To exchange contracts, it will be necessary for you to pay a deposit. Under the terms of the agreement the deposit is 10% of the purchase price although a lower deposit can often be negotiated, particularly where a purchaser is obtaining a high percentage mortgage and is only actually putting a small amount of his/her own cash into the transaction. However, 10% will still be payable should you default on completion and therefore be in breach of the terms of the contract.
If you have a related sale transaction, we will normally try to utilise the deposit received from your own purchaser to cover or at any rate help towards the deposit you have to pay on the property you are buying.
Exchange of contracts
Prior to exchange of contracts, we will have reported to you on the terms of the contract, any relevant rights and covenants and the results of our searches and enquiries. We will also have obtained your signature to the contract and we will have obtained the deposit from you. The actual exchange process is effected between ourselves and your seller’s solicitor and you are not involved in this, save that we will of course have taken your instructions as to the completion date which is to be set.
Between exchange of contracts and completion
There is further legal work to do at this stage. We need to carry out final searches and, if necessary, send our report to your lender to ensure that mortgage monies are sent to us in good time for completion. Prior to completion, we will send you a statement indicating the balance of purchase monies which we need to collect from you together with the transfer document for signature. This is the document used to pass ownership of the property to you.
As with exchange of contracts, the actual formalities take place between the solicitors. All you will have to do is move into the property.
There are various further jobs for us to do including ensuring that any Stamp Duty Land Tax is paid and registering your title to the property. After the registration has completed, we will either forward the title deeds to you, your lender or we can hold them here on your behalf for safe custody.
At Moore Barlow, our expert lawyers are an accredited member of the Law Society’s Conveyancing Quality Scheme which recognises exceptional service within conveyancing. Our conveyancing solicitors will work with you to ensure the process is as stress free as possible. Contact us today.

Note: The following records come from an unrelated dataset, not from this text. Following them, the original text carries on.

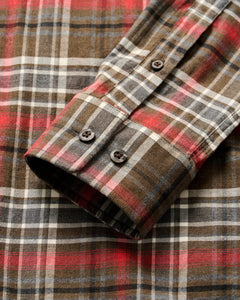 Johnnie-O Langston Performance Flannel Button Down Shirt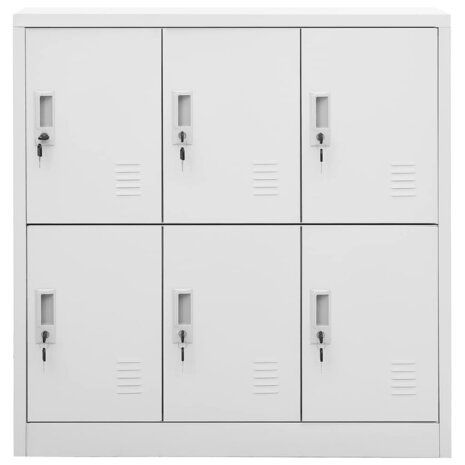 Lockerkasten 5 st 90x45x92,5 cm staal lichtgrijs 3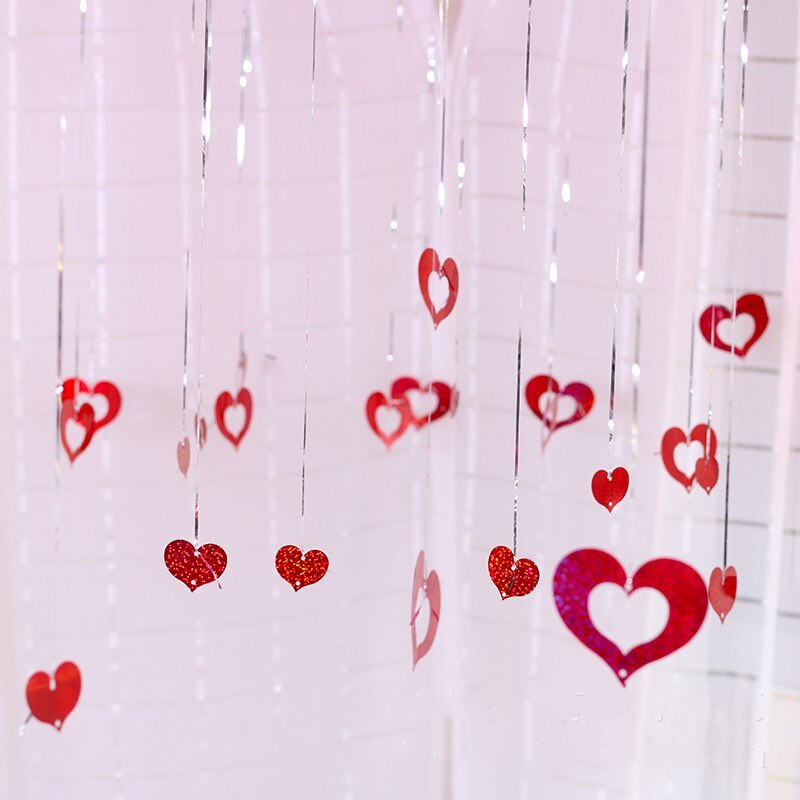 Sweet Five-pointed Star Heart Shaped Rain Balloon Pendant Accessories Romantic Wedding Birthday Party Decoration Supplies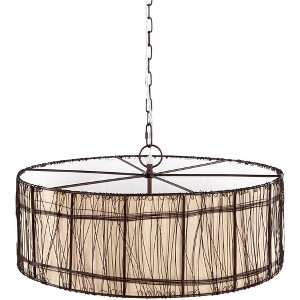 Mark & Day Aggsbach 8"H x 22"W x 22"D Global Rust Ceiling Lights - 1 of 4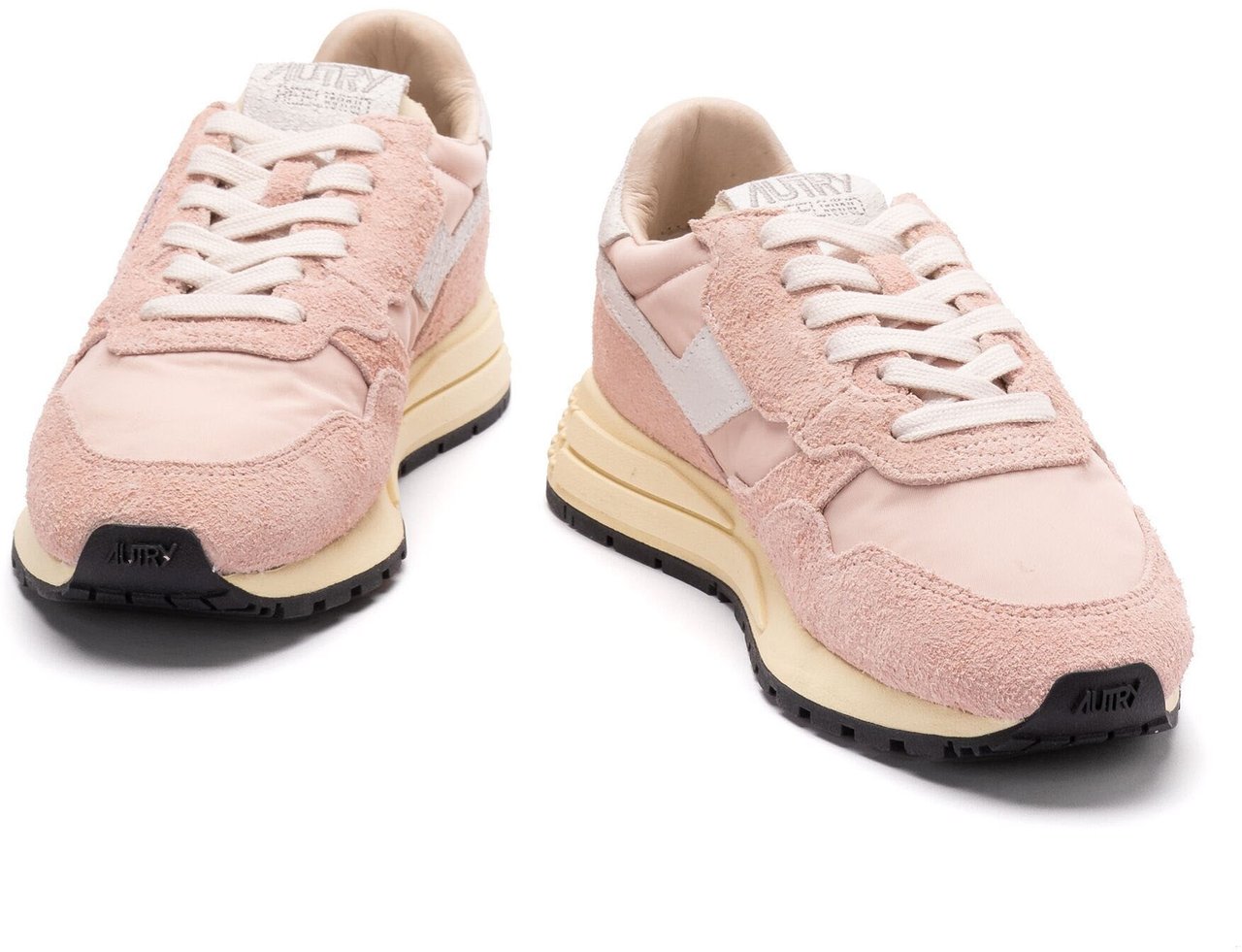 Autry Sneakers White/Powder Roze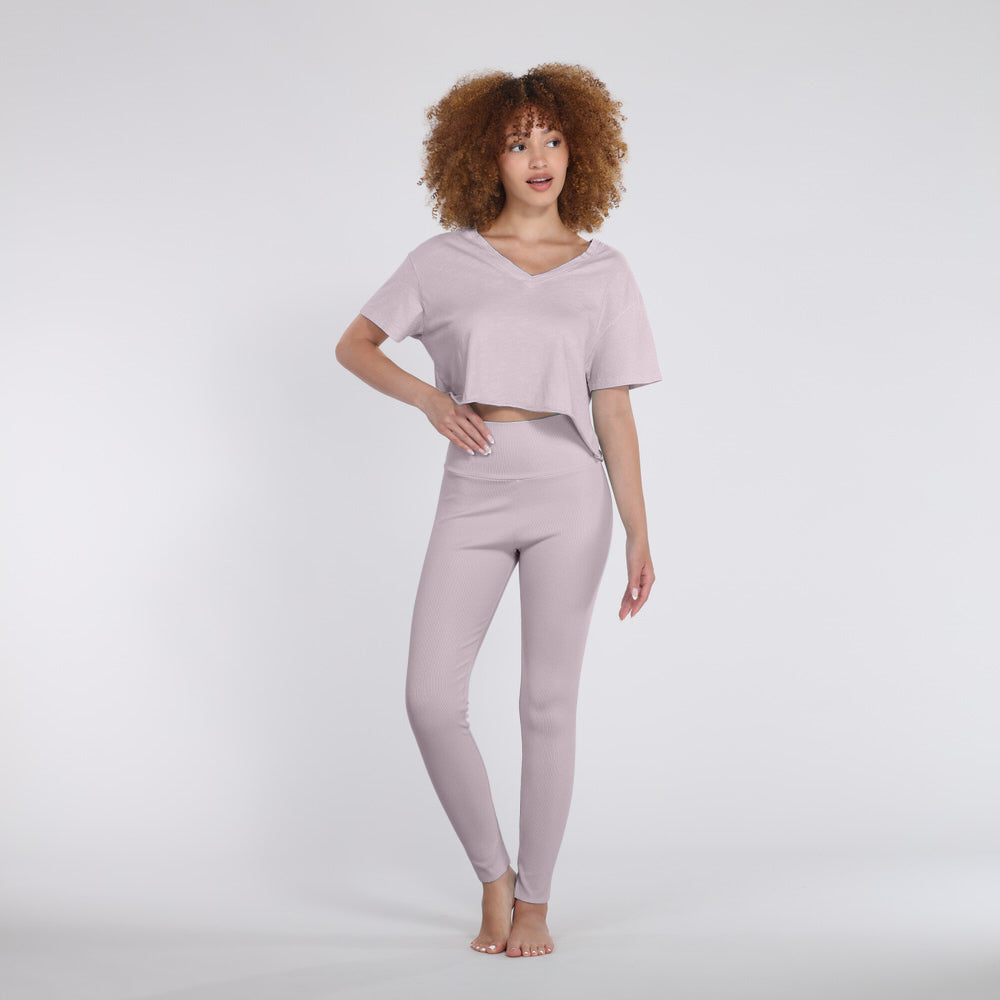 B30 V-Neck Crop Jersey Tee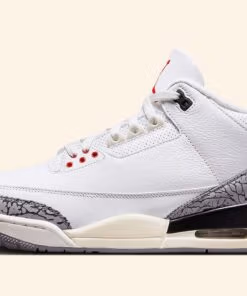 Alternative view of Jordan 3 Retro White Cement Reimagined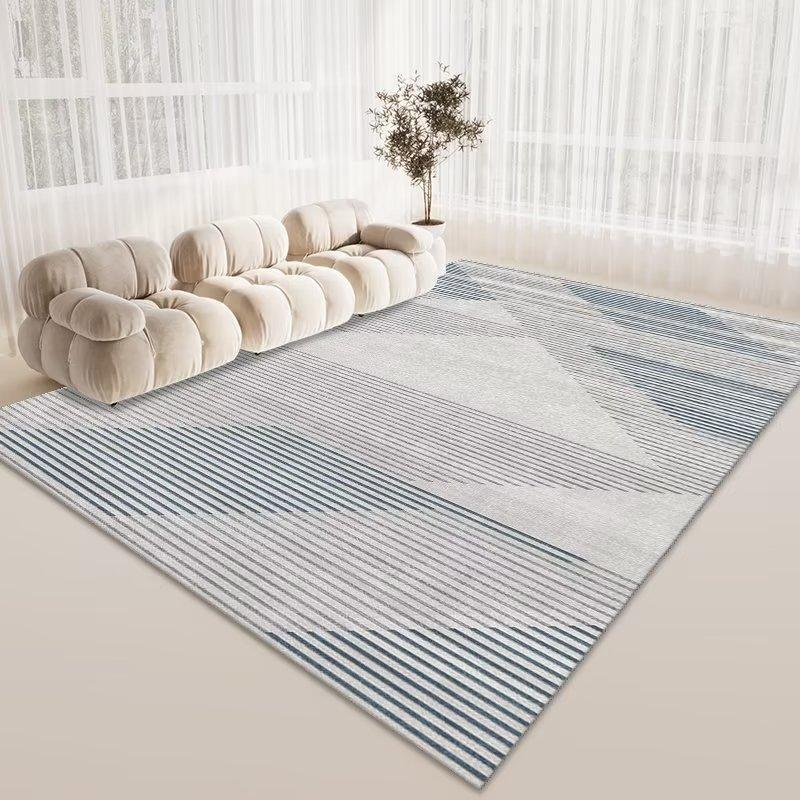 Geometrisch bedruckte Dekoration Heimteppich Wohnzimmer Moderner Stil 200x250 Große Bereichsteppiche für Schlafzimmer Weiche Rutschfeste Matte Kinder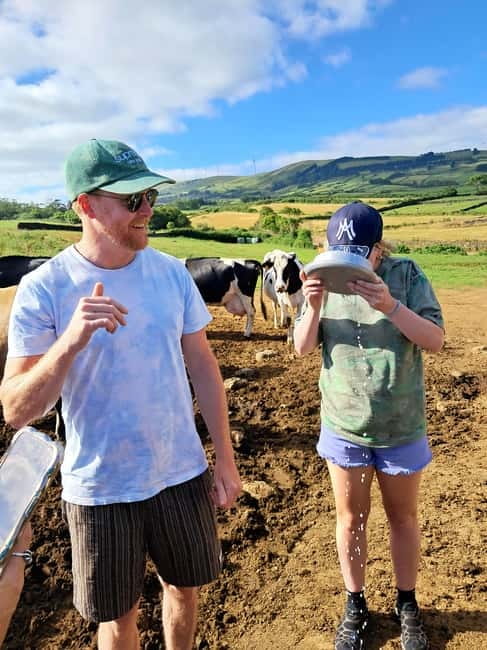 Azores: Dairy Farm Tour - From Angra do Heroísmo to the countryside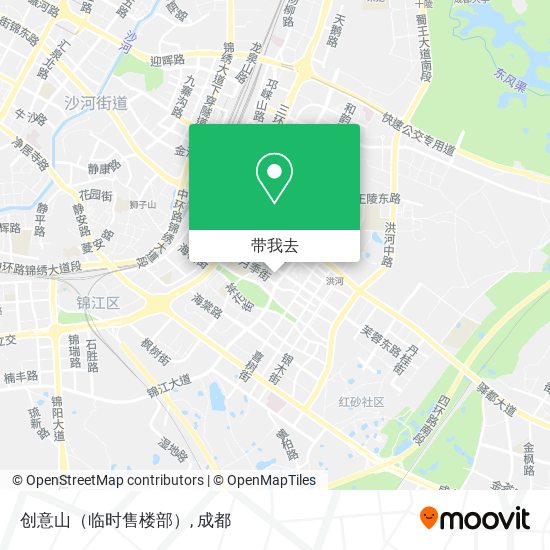 创意山（临时售楼部）地图
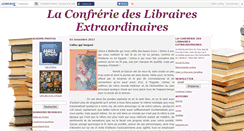 Desktop Screenshot of librairesextra.canalblog.com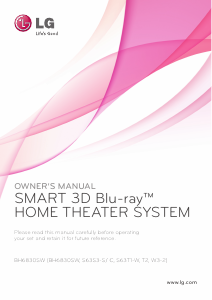 Handleiding LG BH6830SW Home cinema set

Lasting Power of Attorney (LPA)
An LPA document gives you the opportunity to appoint a trusted relative(s), friend or professional person(s) to manage your financial affairs in the future should that ever be necessary. It is a safeguard should you ever lose mental or physical capacity and become unable to manage your own affairs.
It is extremely important as homeowners that you have Wills drawn up to specify how you would like your assets to be distributed in the event of your death. You may, of course, already have a Will and therefore we recommend it is reviewed in light of your move.
Making a Will and reviewing it regularly is the only way you can guarantee that your estate will go to those people or organisation you choose.
Declaration of Trust
If you are buying a property jointly or if more than one person has contributed to the purchase price it is very important to think about a Declaration of Trust. A Declaration of Trust would set out exactly how the property is owned and can make provision for money to be repaid to an investor, even if they are not registered on the title as one of the owners.
These documents are very important in the event of a relationship breakdown or a party’s death. By setting out in the Declaration of Trust what the parties wish to happen, you can ensure that each person can get back out of the proceeds of sale what they have put in and/or any profit made on the sale of property can be divided into the percentages that the parties wish.
You can also set out who should be responsible for paying the mortgage and other outgoings on the property and in what shares.